I was browsing through some of TWOP's front page Lost coverage, and they had a few good lists and roundups. One called "If Lost stars never got Lost" (or, "Sideways versions of the actors' careers"), where they imagined what would have happened to the actors if they had never been on the show. One idea struck me as positively brilliant: Josh Holloway winds up as Jax's estranged older brother on Sons of Anarchy. Holloway can captivatingly convey that intoxicating mixture of charm and menace necessary to play in the world of the Sons, and I could easily see him as a relative of Jax. (Maybe John Teller had a little fling with a stripper down south on a road trip before settling down with Gemma? Works for me). Sutter, you already have Man In Black on the show, time to bring over another Lostie!

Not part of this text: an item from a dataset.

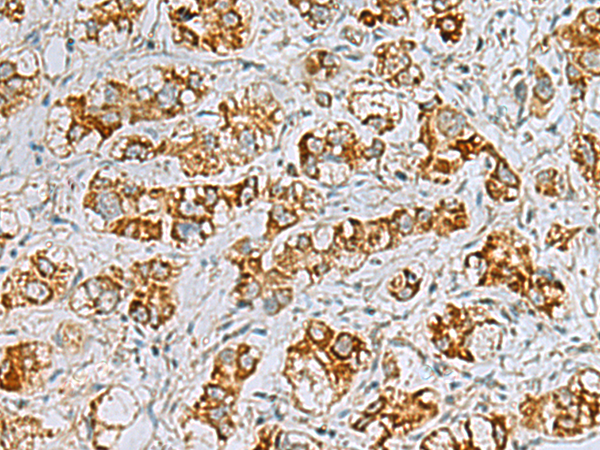 Rabbit Polyclonal Antibody to FAAP100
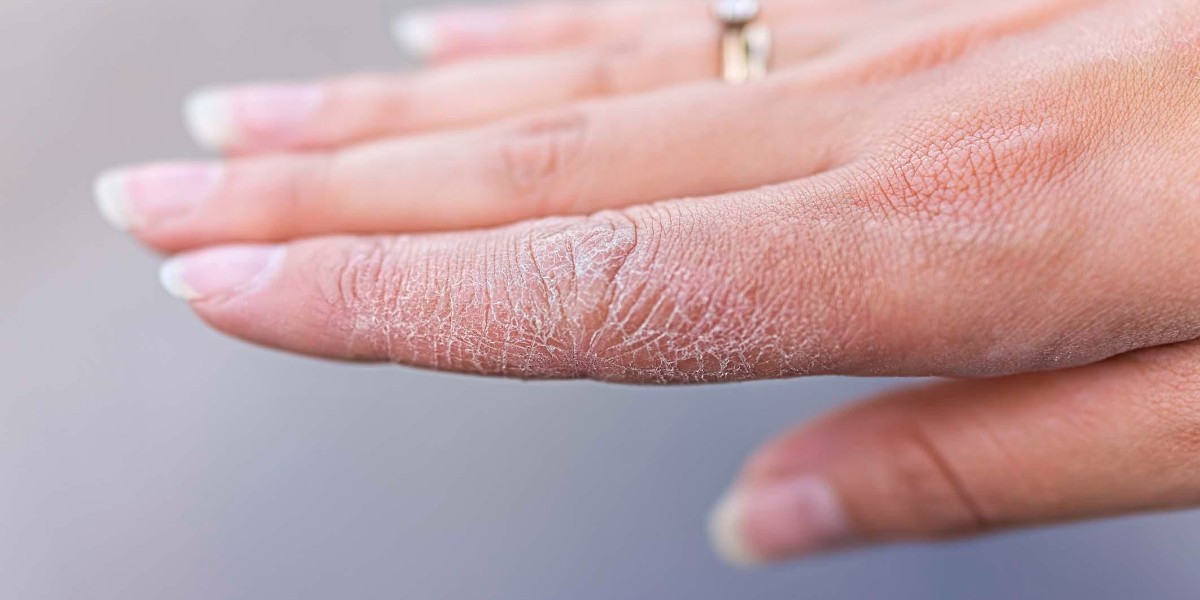 kuru ve çatlak ellere kesin çözüm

They also have a Best and Worst episode list. Two thoughts on the the "worst." I know "Across the Sea" isn't universally beloved, nor did it provide ANSWERS! in the way many of us wanted, but the more I think about that ep, the more I like it. It was a parable of a parable, and Pellegrino and Welliver sold the shit out of it. Also there is "Expose," and still don't get the hate for that. I understand the reasoning behind introducing and Paulo (and understand the hate for them, too), but for an ep that openly acknowledged the "meta-situation," AND dealt with the characters in a cruelly humorous (or humorously cruel) fashion, I thought it was pretty damned entertaining. You can find my "Reconsidered: "Expose" piece here.

There's also a "Questions we don't need answered" piece. I agree with most of them, but I did hope to see some more color to the story of Annie, and an explanation about the food drops (even if it was a throwaway line).

In the "Most worthless characters ever" feature, they list Christian Sheppard, which I don't necessarily agree with. He was a necessary bastard to the Jack story - though I will be pissed if we don't get some clarity on his island appearances (and NO, I still can't believe it was Smokey every single time he showed up). And Charlie? Harsh, dude. And Claire? But Bai Ling? Uh, yep.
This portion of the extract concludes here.